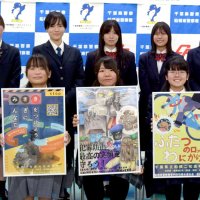 自転車盗、電話de詐欺注意を　美術部員がポスター制作　船橋東署、３高校へ感謝状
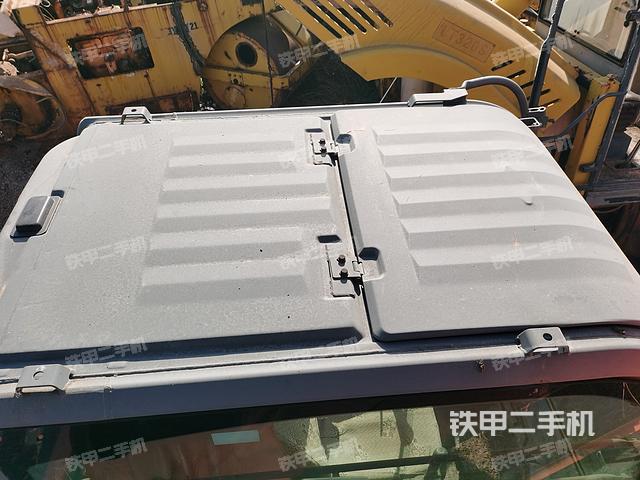 驾驶室顶部（整机外观）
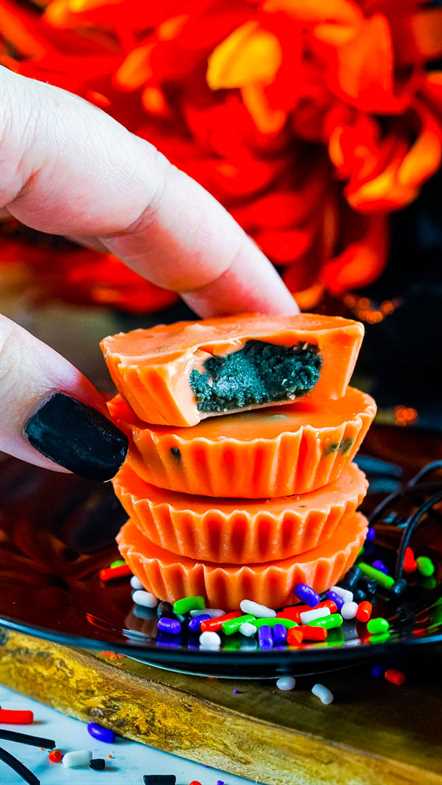 Halloween Peanut Butter Cups - Learn how to make peanut butter cups with this EASY FIVE INGREDIENT RECIPE! With festive Halloween colors, they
.....
### What the task requires
Lines from the one that contains "驾驶室顶部（整机外观）" to the final line of the material are the whole answer. Reproduce them word for word and skip the pictures.

### Response
 驾驶室顶部（整机外观）
 Halloween Peanut Butter Cups - Learn how to make peanut butter cups with this EASY FIVE INGREDIENT RECIPE! With festive Halloween colors, they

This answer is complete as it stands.